Foto: Ana Pinto | ReadS 2023

A sessão de abertura da cerimónia contou com as palavras de representantes da Universidade do Porto, da Câmara Municipal do Porto (CMP) e do Plano Nacional de Leitura (PNL).

O Vice-Reitor da Universidade do Porto, Prof. Dr. José Castro Lopes, mencionou um “orgulho particular” em ver a Universidade do Porto tão bem representada no cenário nacional. “Vivemos hoje, no Ensino Superior, uma crise da leitura e da cultura humanística”, comentou, reforçando a importância destas atividades para a preparação da geração atual de universitários, com um papel definidor no futuro na sociedade.

Do mesmo modo, a Dr.ª Catarina Araújo, Vereadora da CMP, elogiou o testemunho dos jovens participantes e o seu gosto pela leitura extracurricular, reconhecendo o contributo do ReadS na promoção da mesma.

“Foi mérito próprio”, afirmou a Comissária do PNL, Dr.ª Regina dos Santos Duarte, sobre a escolha da cidade do Porto para receber esta cerimónia. Não houve lugar a dúvidas, uma vez que “dos finalistas, grande parte são das diferentes faculdades da Universidade do Porto”. Lembrou também que “a maior representação nos finalistas não é dos alunos de Letras, o que significa que na Universidade do Porto, nas diferentes faculdades, se lê, e se lê bem”.

“Não temos de ter um diploma em estudos literários para podermos falar de literatura; temos de ser leitores.”

A Comissária do PNL destacou o papel do concurso em dar voz às leituras pessoais dos universitários, que são “o resultado de escolhas livres”, servindo o desenvolvimento do espírito crítico, da curiosidade e da capacidade de participação. “A voz sobre a leitura não é uma voz de autoridade, (…) é a de todos nós leitores, e todos temos direito a ela”, lembrou. “Não temos de ter um diploma em estudos literários para podermos falar de literatura; temos de ser leitores.”

À sessão de abertura, seguiu-se uma intervenção do Prof. Dr. Nuno Camareiro, também romancista, acerca do sempre imprevisível “confronto do mundo interior do leitor com o mundo interior do escritor” que é ler um bom livro.
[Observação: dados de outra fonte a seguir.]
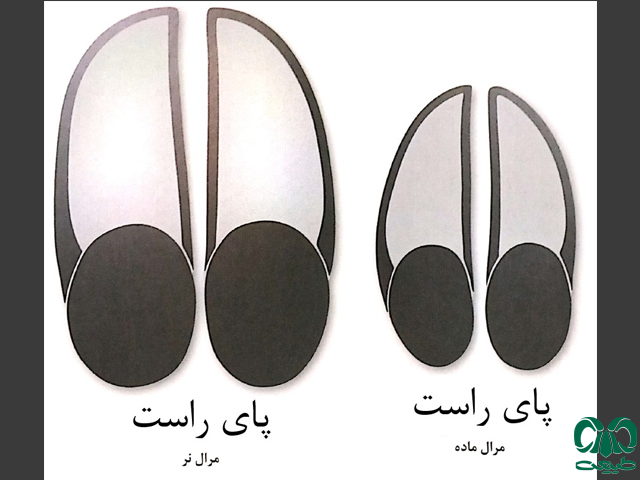 اثر پای مرال 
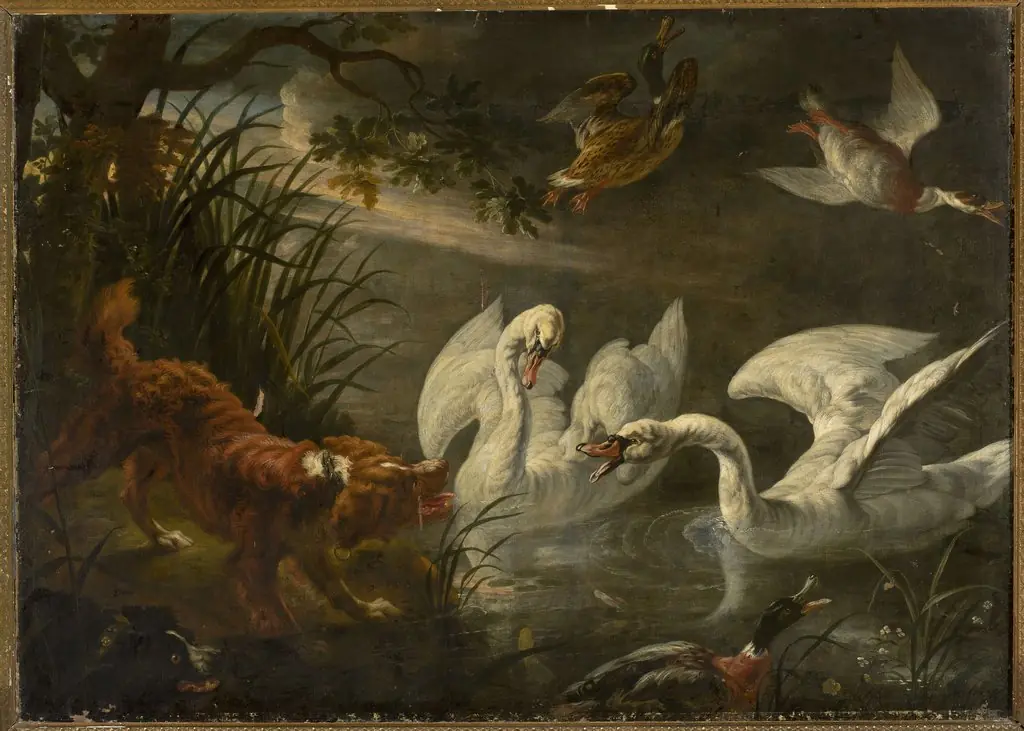 Dog and swans, by Jan Fyt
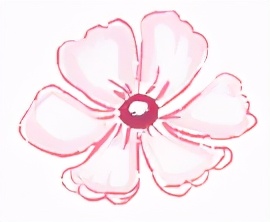 中行智惠存可以随时取款吗,中银智惠存需要几个银行账号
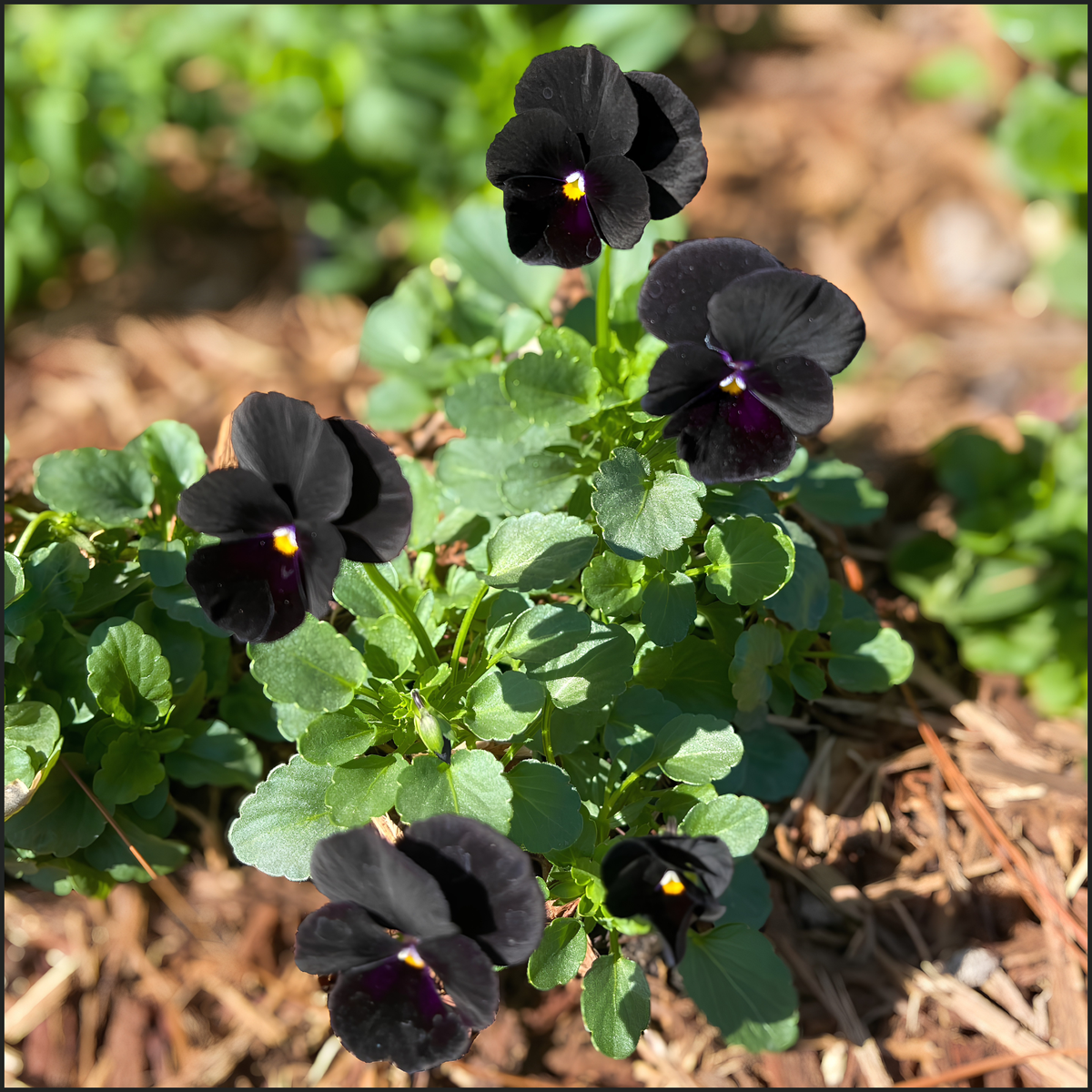 Black Violas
Numa Mesa Redonda, os finalistas tiveram a oportunidade de despertar a curiosidade sobre as obras escolhidas, explicar o essencial dos seus textos e o que neles ficou por dizer. O evento fechou com o anúncio dos vencedores e um momento cultural e de convívio.

À conversa com os estudantes

Embora não fator único, o entusiasmo sentido por um livro é certamente condição necessária para participar num concurso de leitura. Procurámos, assim, saber mais sobre este processo para cada participante.

Beatriz Pinto procura num livro “algum tipo de ensinamento. Não necessariamente uma lição de moral, mas algo que dê para refletir”. Beatriz e Francisca Ferreira concorreram com o clássico “Mataram a Cotovia”, de Harper Lee.

“[O livro] consegue tratar uma temática que é muito relevante, que é o racismo, mas de uma forma sui generis, na medida em que nós vemos as coisas através dos olhos de uma criança”, explicou Francisca. A esta inocência alia-se uma mensagem de esperança no futuro, também presente no texto das estudantes – uma carta às próprias, a abrir em 2060.

Afonso Couto aponta o “momento em que se acaba um livro, em que se fica em estado catatónico”. O estudante trabalhou numa fusão de “A Canção de Aquiles”, de Madeline Miller, e “Os Lusíadas”, de Luís de Camões, e “cantou” o romance entre Aquiles e Pátroclo em soneto.

Dentro da sólida relação de Afonso com o mundo dos épicos, “Os Lusíadas” são uma paixão recente. Destacando as emoções fortes presentes neste tipo de literatura, não desvaloriza o valor da forma. “Demorei dois meses para escrever dez estrofes e nunca respeitei tanto Camões como respeito agora”, brincou.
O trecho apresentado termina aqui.